Lesson 5 of 11
Objective: SWBAT create a model of a water molecule, describe its properties, and predict the types of bonds it will create as a result of its structure.
This video explains the key aspects of this lesson as students review the structure and function of water molecules through their analysis of collaborative student-made clay models that demonstrate the types of bonds found in a water molecule.
Students will watch the video clip and record five facts about the importance of water in Biology. This video clip does a fantastic job introducing/reviewing relevant vocabulary terms that are essential to comprehend for this lesson regarding the properties of water.
As a follow-up to the video, the class will engage in a short discussion regarding the significant role water plays in our lives. Students will brainstorm all aspects of their lives that water plays an essential role for our survival. The teacher will provide three categories to jump start the students' efforts and will encourage all students to be specific and creative:
- Water's Role in our Body's Physiology:
- Water's Role in our Environment:
- Water's Role in our Home:
Students have a prior knowledge of the structure of water, but most students are unable to transfer their understanding of the H2O structure into being able to make predictions regarding water bonding or water properties. The Properties of Water Lecture Notes will provide students a more detailed look into the structure of water and its vital role in our study of Biology.
Students will get out a sheet of paper and title it, "Water's Role In Biology"in preparation for this class discussion and notes.
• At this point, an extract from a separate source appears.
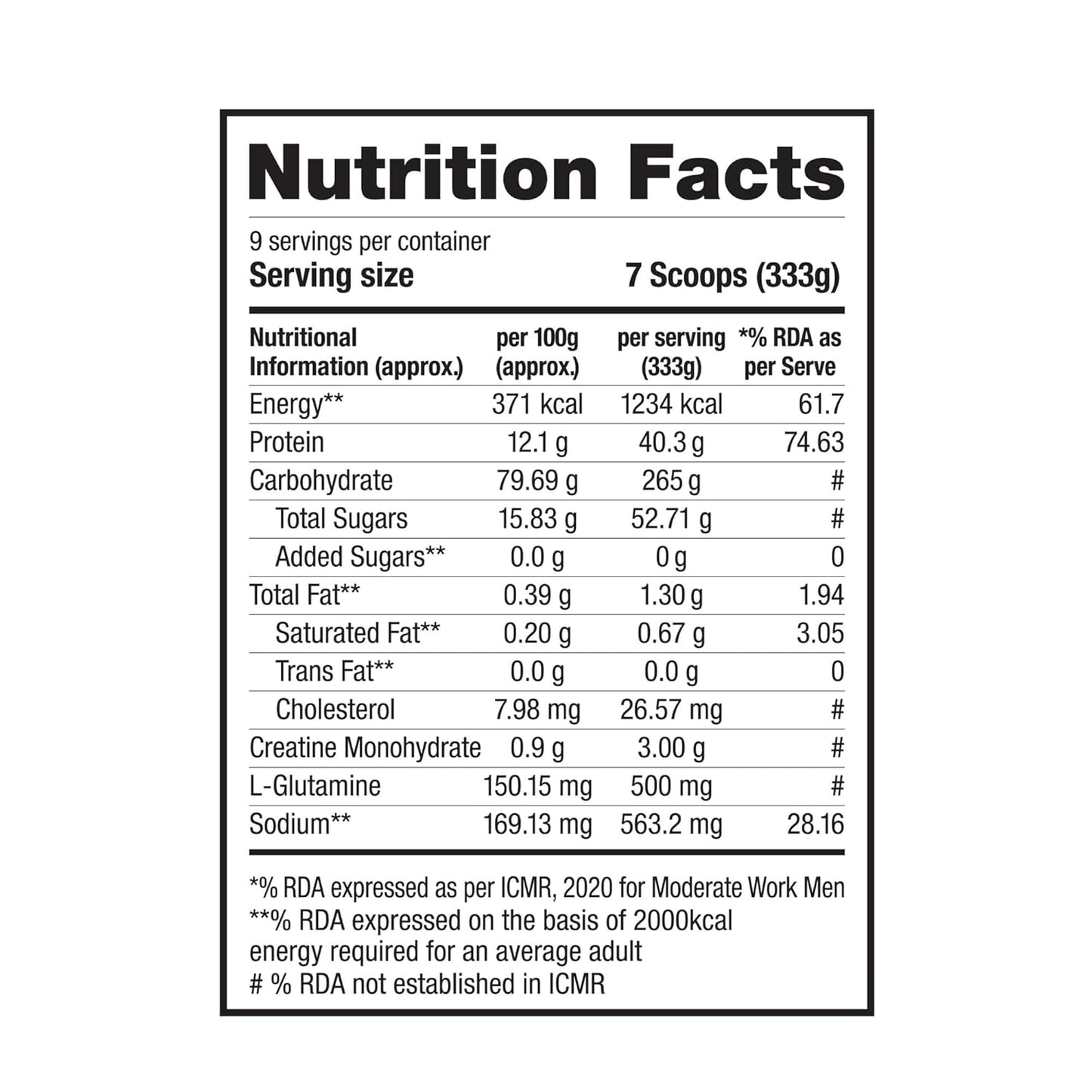 Labrada Super Mass Gainer | High-Calorie Protein Powder for Muscle Growth & Recovery |1246 Calories | 40g Protein | 265g Carbs | Chocolate Ice Cream Flavor | 3g Creatine | 500mg Glutamine, 1000gm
The last few slides of the presentation review the disassociation of water into ions and the pH scale. If there is time in the lesson, these slides will be reviewed. If not, the curriculum regarding acids and bases will be saved for the next lesson.
Each student pair is given their necessary supplies:
- Two colors of clay to represent the Hydrogen (red clay) and Oxygen (blue clay) atoms
- A third color (yellow clay) to represent the valence electrons (which will assist the students in visualizing the covalent bonds)
- Coffee stirrers to represent the covalent bonds
- Toothpicks to represent the hydrogen bonds between water molecules
Students are provided the supplies and provided very little other directions, except the color assignment, to create their water molecules. Each student pair will create two water molecules using covalent bonds. Then the students will use the toothpicks to connect the two water molecules to represent the hydrogen bonds. Once the students have been given approval from the teacher that their models are chemically correct, they can find another group to join their molecules by creating additional hydrogen bonds. Students can continue to build their structure until the whole class has contributed to the collaborative model. The resulting clay model will be very large so make sure you have plenty of space to work!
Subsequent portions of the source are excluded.